▸ Action item
Exactly as they appear below, repeat the lines from the one with "And then all" through the one with "How does it". Drop every picture.

Stored data entries:
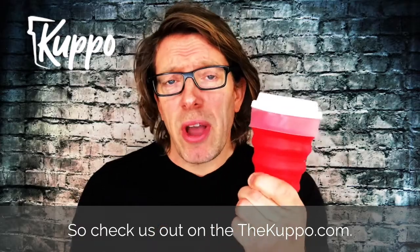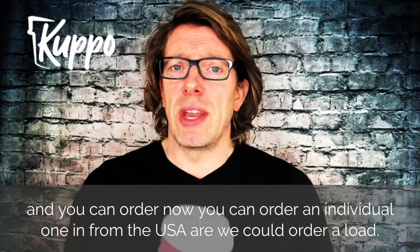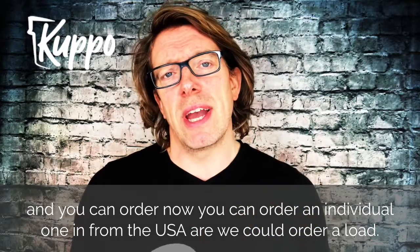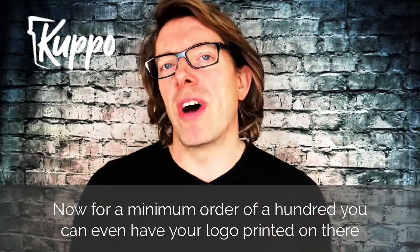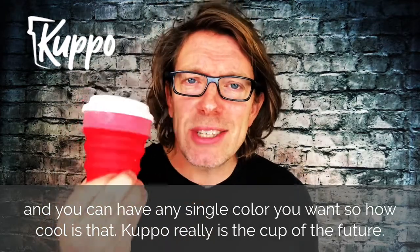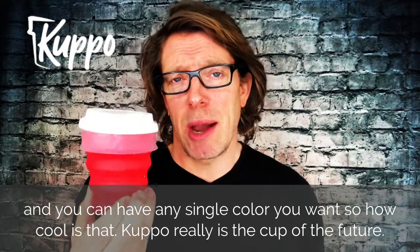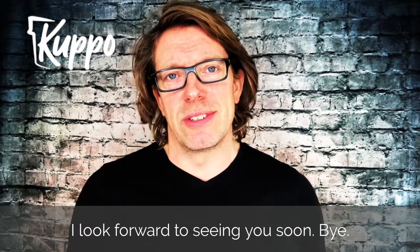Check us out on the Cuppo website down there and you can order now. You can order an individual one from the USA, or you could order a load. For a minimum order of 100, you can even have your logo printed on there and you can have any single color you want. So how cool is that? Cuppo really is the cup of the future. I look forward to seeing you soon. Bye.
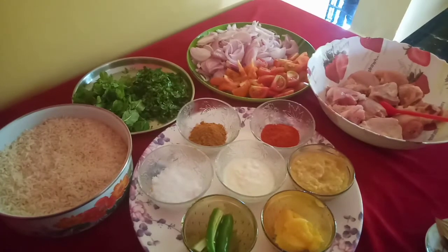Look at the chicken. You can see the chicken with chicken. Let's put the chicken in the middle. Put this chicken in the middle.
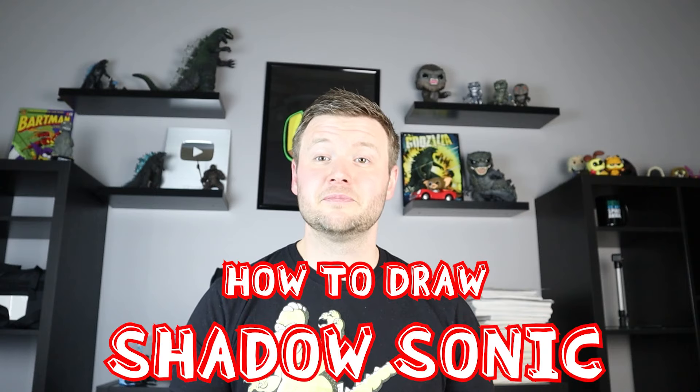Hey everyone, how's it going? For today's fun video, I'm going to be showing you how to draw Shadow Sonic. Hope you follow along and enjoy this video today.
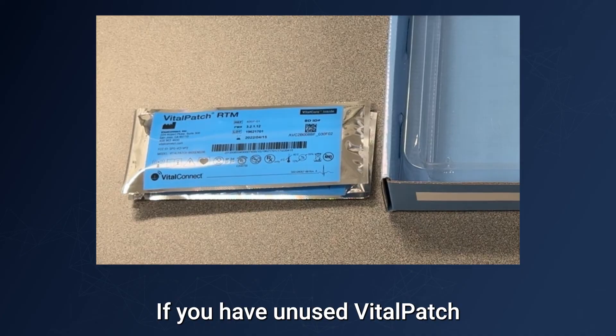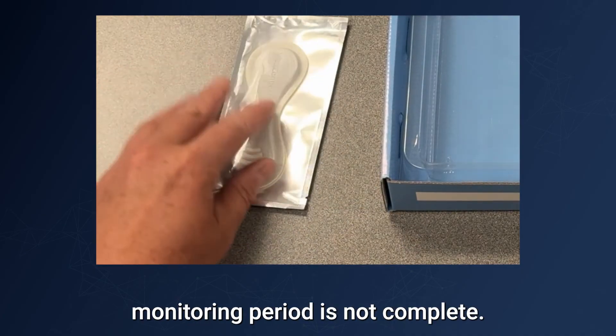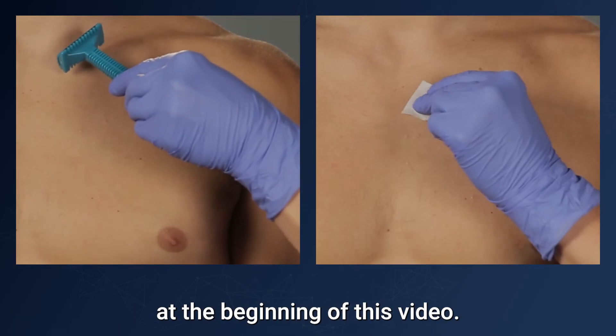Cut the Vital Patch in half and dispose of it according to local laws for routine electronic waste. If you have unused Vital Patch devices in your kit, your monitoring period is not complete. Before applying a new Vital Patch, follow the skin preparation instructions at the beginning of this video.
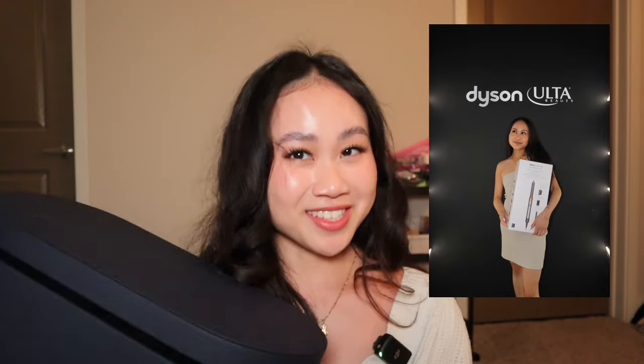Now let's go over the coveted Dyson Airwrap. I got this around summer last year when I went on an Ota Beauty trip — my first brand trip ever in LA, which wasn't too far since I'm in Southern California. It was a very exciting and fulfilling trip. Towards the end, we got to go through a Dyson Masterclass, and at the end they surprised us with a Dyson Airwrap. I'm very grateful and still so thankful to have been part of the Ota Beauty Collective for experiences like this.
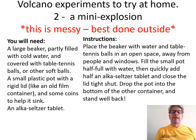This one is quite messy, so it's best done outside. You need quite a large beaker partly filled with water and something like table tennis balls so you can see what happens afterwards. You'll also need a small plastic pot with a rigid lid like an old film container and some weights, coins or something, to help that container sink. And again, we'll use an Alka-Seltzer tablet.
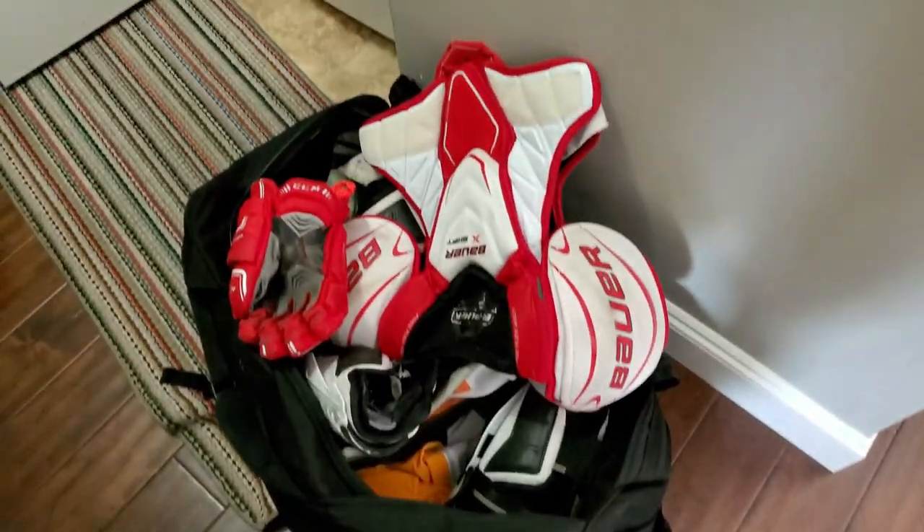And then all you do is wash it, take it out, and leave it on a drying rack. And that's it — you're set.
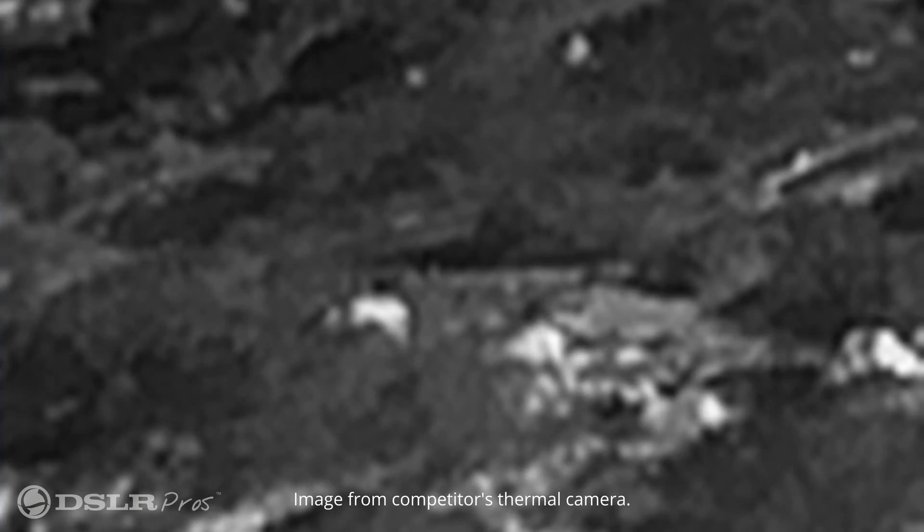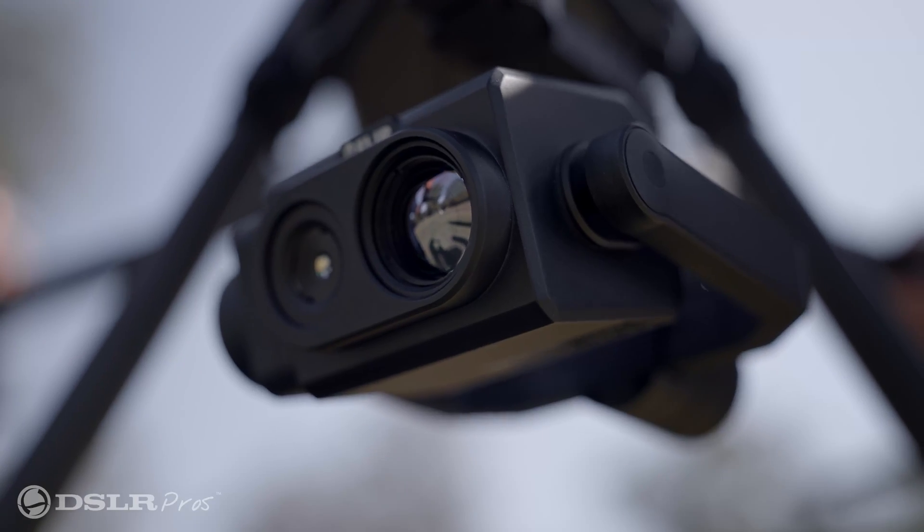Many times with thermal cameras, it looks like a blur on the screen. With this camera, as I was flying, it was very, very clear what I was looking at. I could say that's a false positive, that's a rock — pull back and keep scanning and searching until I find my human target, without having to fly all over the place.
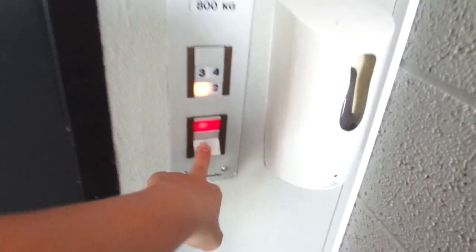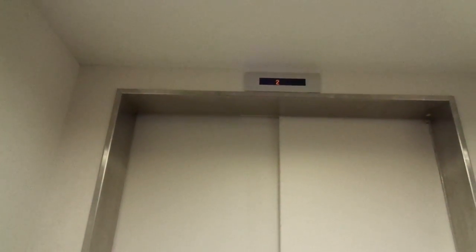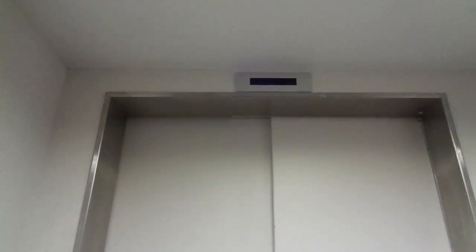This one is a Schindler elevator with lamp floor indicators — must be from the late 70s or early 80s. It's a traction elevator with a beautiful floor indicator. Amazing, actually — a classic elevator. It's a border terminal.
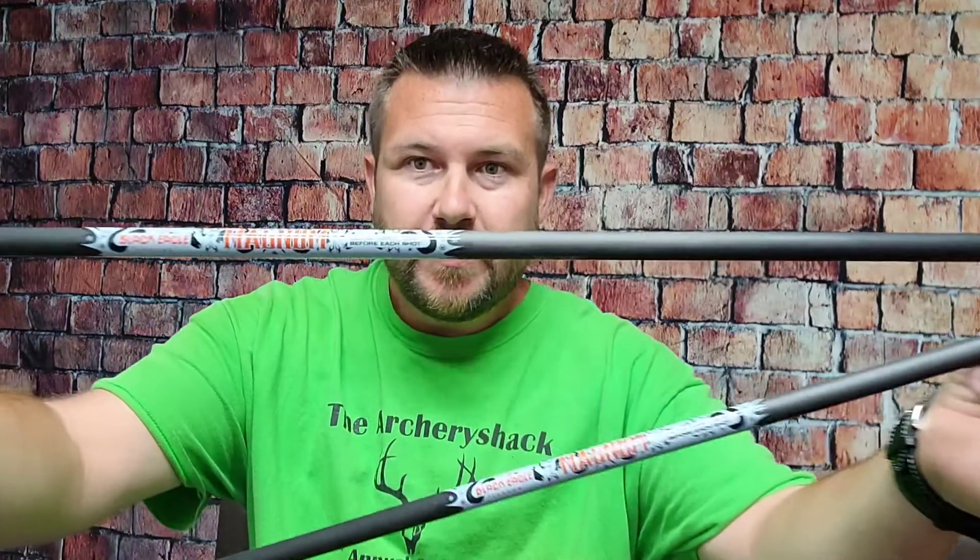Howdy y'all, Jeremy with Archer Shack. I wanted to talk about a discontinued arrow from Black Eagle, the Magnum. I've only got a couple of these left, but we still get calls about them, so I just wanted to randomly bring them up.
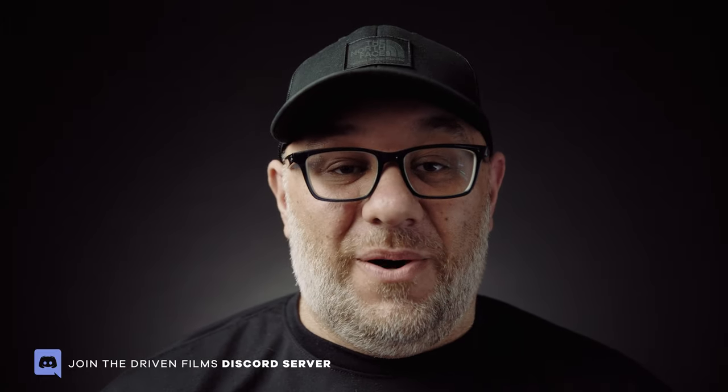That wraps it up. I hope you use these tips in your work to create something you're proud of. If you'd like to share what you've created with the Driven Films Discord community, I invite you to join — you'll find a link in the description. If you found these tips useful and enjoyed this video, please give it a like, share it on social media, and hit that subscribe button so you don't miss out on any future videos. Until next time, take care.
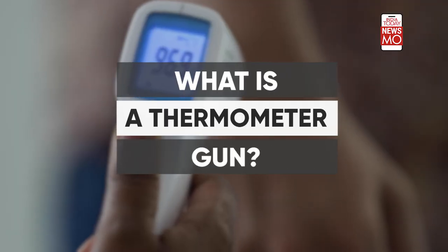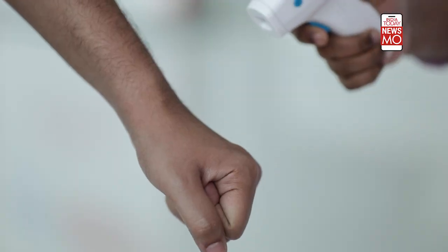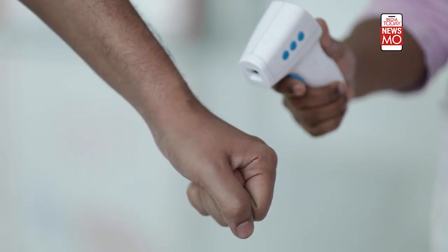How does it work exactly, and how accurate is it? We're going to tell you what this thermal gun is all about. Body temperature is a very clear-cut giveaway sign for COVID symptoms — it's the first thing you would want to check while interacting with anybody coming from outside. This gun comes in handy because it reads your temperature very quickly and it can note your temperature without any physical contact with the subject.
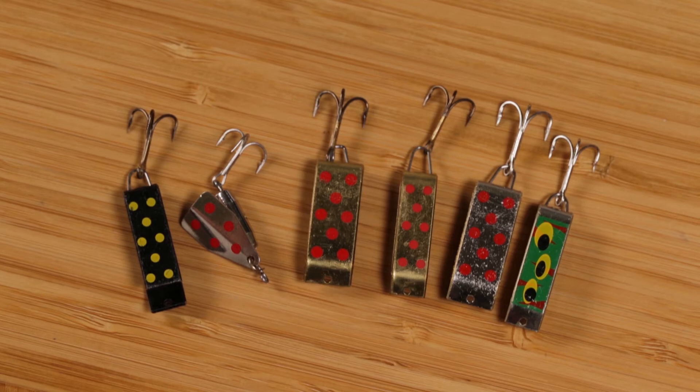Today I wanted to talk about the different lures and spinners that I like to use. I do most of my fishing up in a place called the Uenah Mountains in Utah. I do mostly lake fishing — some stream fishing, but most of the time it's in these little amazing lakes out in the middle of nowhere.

▸ Expected answer
And then all you do is wash it, take it out, and leave it on a drying rack. And that's it — you're set.
Many times with thermal cameras, it looks like a blur on the screen. With this camera, as I was flying, it was very, very clear what I was looking at. I could say that's a false positive, that's a rock — pull back and keep scanning and searching until I find my human target, without having to fly all over the place.
This one is a Schindler elevator with lamp floor indicators — must be from the late 70s or early 80s. It's a traction elevator with a beautiful floor indicator. Amazing, actually — a classic elevator. It's a border terminal.
Howdy y'all, Jeremy with Archer Shack. I wanted to talk about a discontinued arrow from Black Eagle, the Magnum. I've only got a couple of these left, but we still get calls about them, so I just wanted to randomly bring them up.
That wraps it up. I hope you use these tips in your work to create something you're proud of. If you'd like to share what you've created with the Driven Films Discord community, I invite you to join — you'll find a link in the description. If you found these tips useful and enjoyed this video, please give it a like, share it on social media, and hit that subscribe button so you don't miss out on any future videos. Until next time, take care.
How does it work exactly, and how accurate is it? We're going to tell you what this thermal gun is all about. Body temperature is a very clear-cut giveaway sign for COVID symptoms — it's the first thing you would want to check while interacting with anybody coming from outside. This gun comes in handy because it reads your temperature very quickly and it can note your temperature without any physical contact with the subject.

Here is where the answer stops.